Firewood logs have the big advantage as a fuel that they can be sourced from one’s own woodland or trees with minimal specialist equipment other than a chainsaw and appropriate protective equipment. Owing to the physical size of the pieces it is critical that it is dried thoroughly, usually down to 20-25% moisture content (wet basis), which typically requires seasoning for two years.
See the Equipment section for information on suitable stoves and boilers for burning logs.
Small round wood (SRW) may simply be cut into logs. This may be done in the forest for ease of extraction and handling and to assist drying, and involve delimbing and cutting into logs of typically 2-3 m in length.
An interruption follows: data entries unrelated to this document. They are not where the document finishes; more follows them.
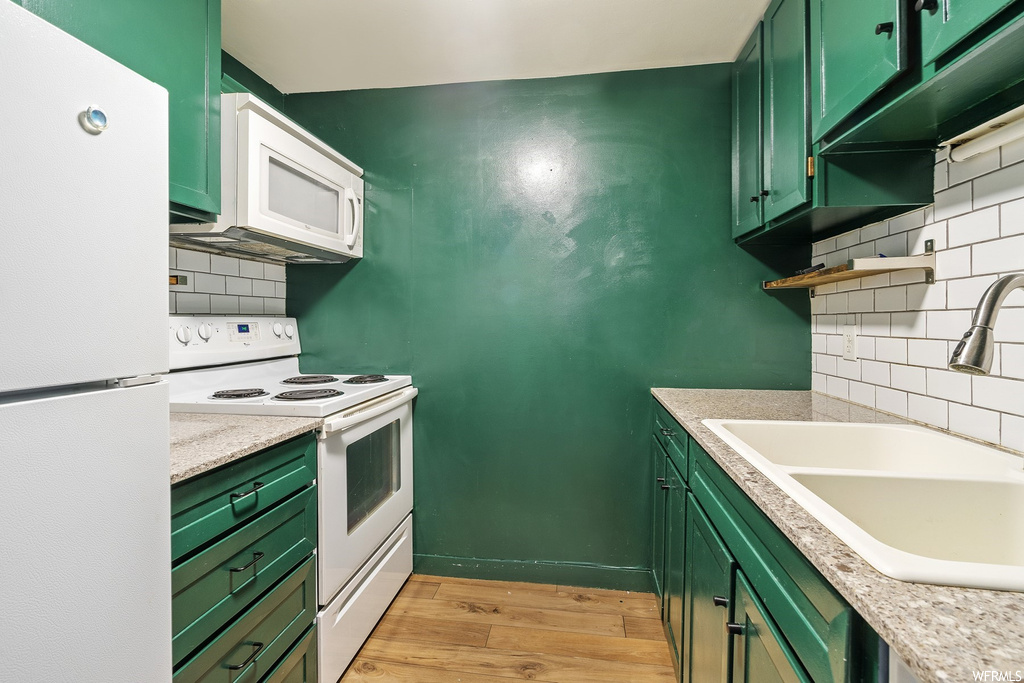 Kitchen featuring green cabinets, white appliances, sink, and light hardwood / wood-style floors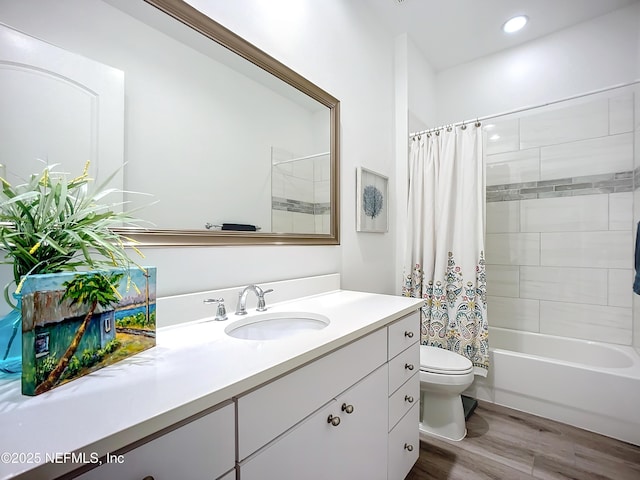 full bathroom with hardwood / wood-style flooring, shower / bath combo, vanity, and toilet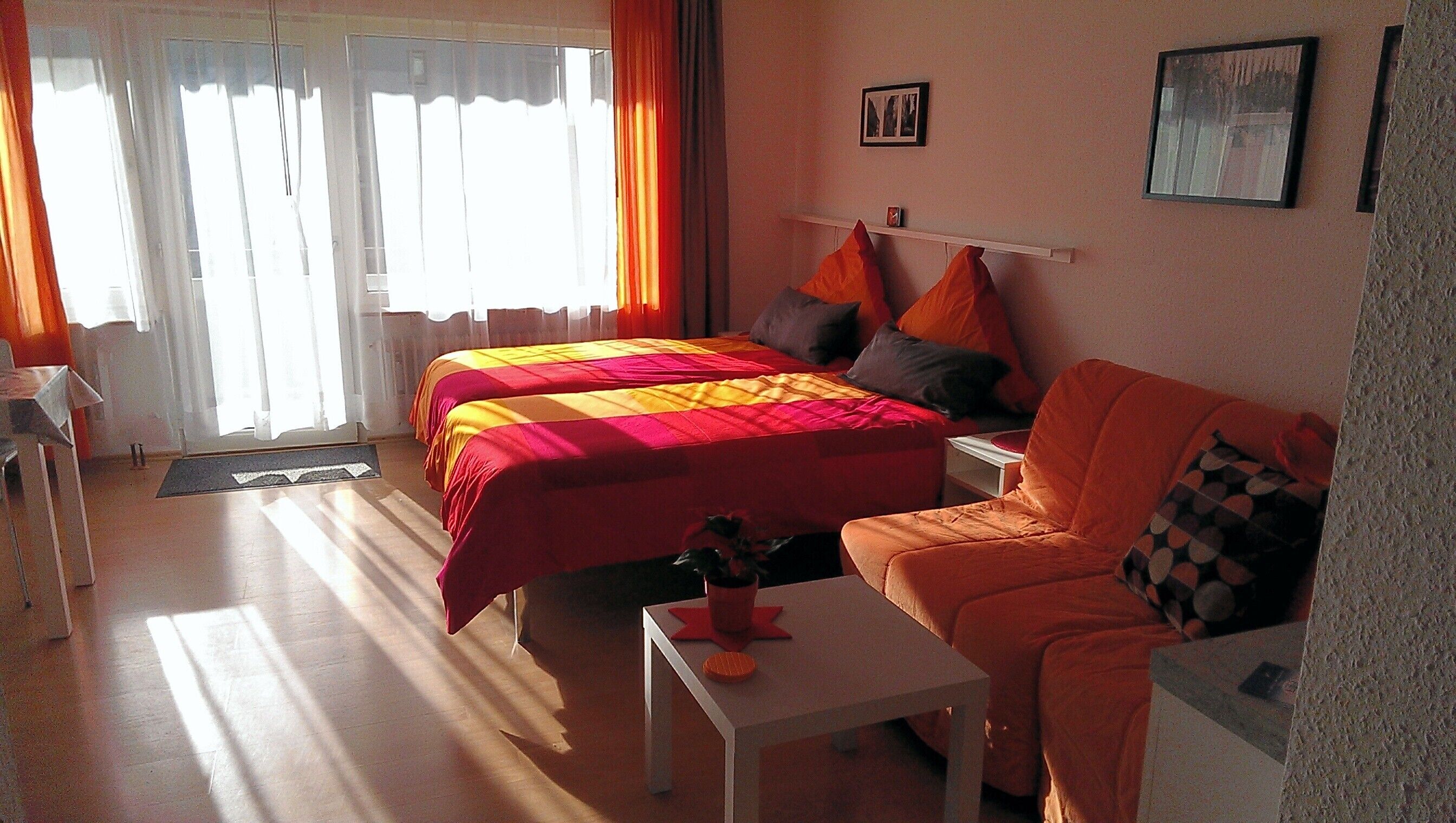 A room with two beds, a sofa, a small table, and a window with curtains.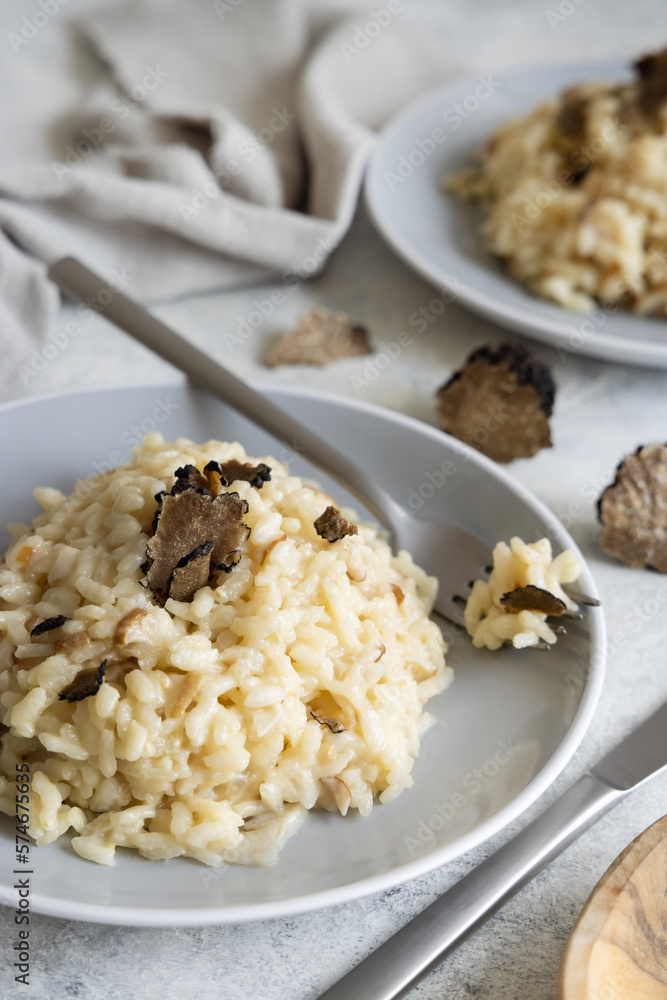 Risotto with porcini mushrooms and black truffles served in a plate top view, gourmet cousine Risotto with porcini mushrooms and black truffles served in a plate top view, gourmet cousine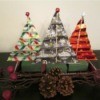 Making Accordion Christmas Trees - three finished trees with a tiny ball ornament on top, and pine cones and other decorations in front
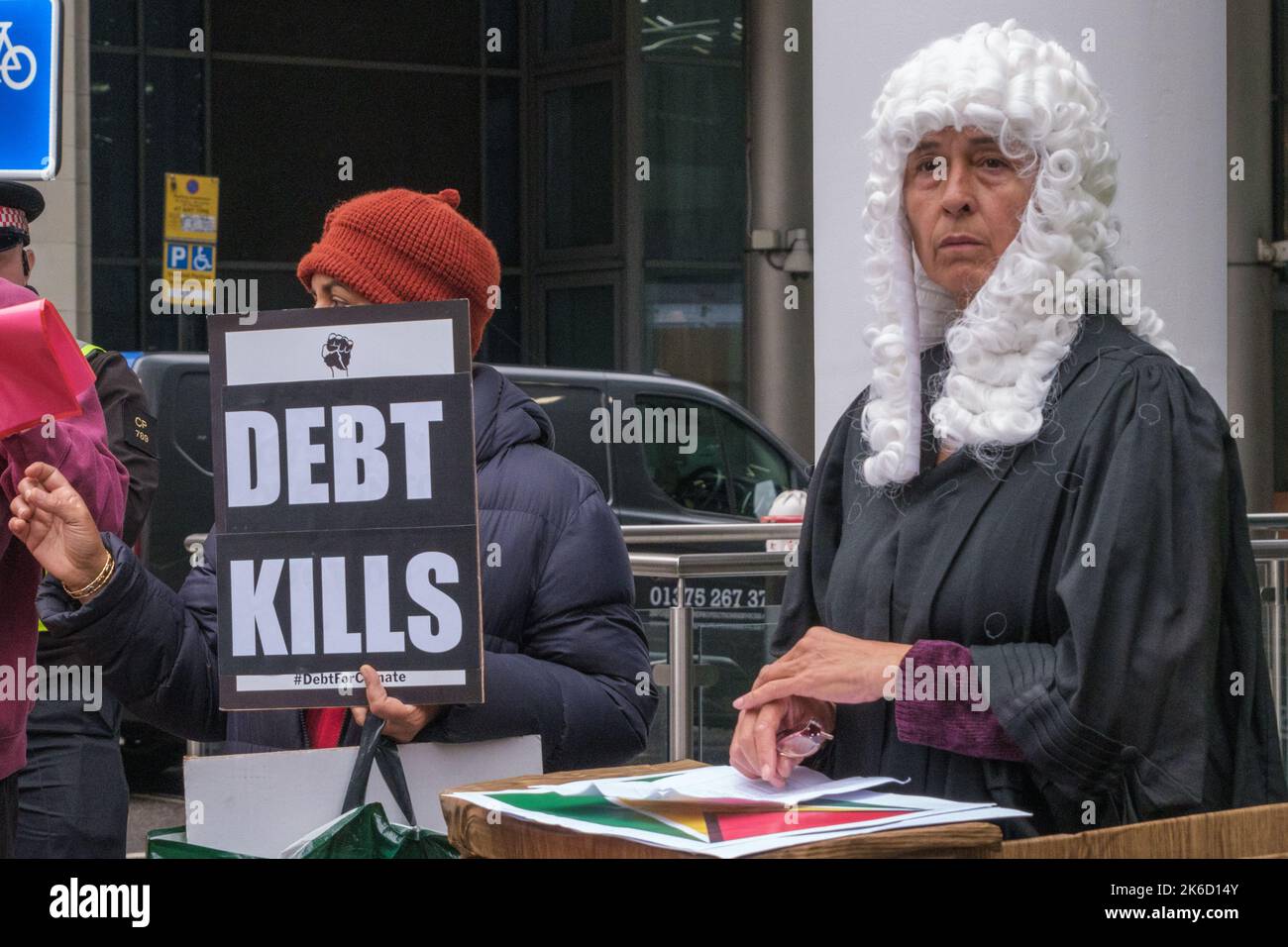 London, Großbritannien. 13 Okt 2022. Der Richter auf ihrer Bank. In einem internationalen Aufruf zu Klimagerechtigkeit und Beendigung der Schuldenzahlungen forderten die Demonstranten in Londons Büros der Weltbank. Sie versuchen den Präsidenten der Bank, D R Malpas (ernannt von Trump) Mit Zeugen aus Ländern auf der ganzen Welt über die katastrophalen Auswirkungen der Bank, einschließlich Rückzahlungen, die den globalen Süden zwingen, riesige Ressourcen an die Reichen zu übertragen, während sie enorme Kosten des Klimawandels tragen, haben sie sehr wenig bewirkt. Peter Marshall/Alamy Live News Stockfoto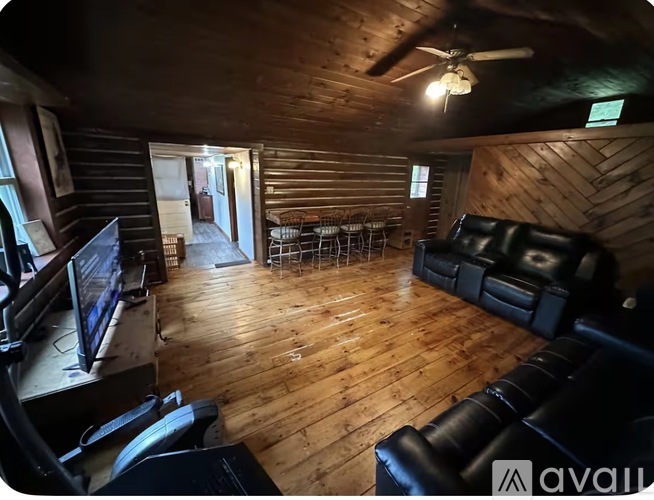 A living room with a black leather couch and a wooden floor.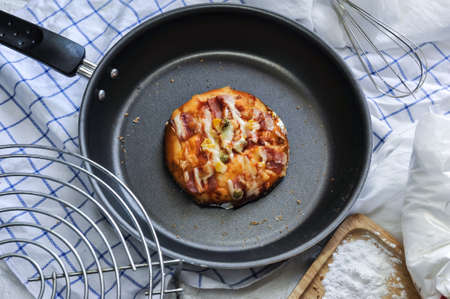 Top view of homemade pan-fried bacon and ham mini pizza in Bangkok, Thailandの写真素材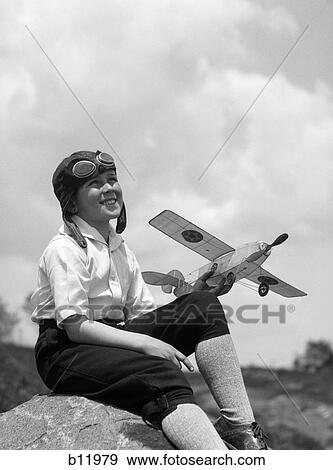 1930S Boy In Leather Aviator Cap With Goggles Sitting On Rock Holding Model Plane View Large Photo Image Stock Photo - 1930S Boy In Leather Aviator Cap With Goggles Sitting On Rock Holding Model Plane. Fotosearch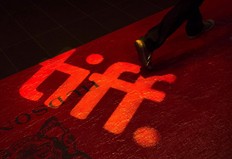 A man walks on a red carpet displaying a sign for the Toronto International Film Festival at the TIFF Bell Lightbox in Toronto.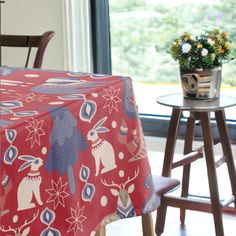 a table with a red cloth on it next to a wooden chair and small round table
These may be stacked at the roadside for convenience of subsequent collection, which may follow a period of drying. On average 1 m3 of roundwood requires 1 linear metre of roadside space.
If well stacked, a pile of round and split logs can show a bulk density 70% of that of the solid wood, though if loose this can drop to only 40% or less.
Scoring or partial removal of bark may help to accelerate drying. For logs over 15 cm diameter splitting is recommended to assist drying.
Logs may also be sold directly to domestic consumers as fire wood logs to be burned in an open fire or log burner. For this they need to be around 15-50 cm long (for many domestic users 25-30 cm is the optimum) and typically split if greater than 10 cm diameter.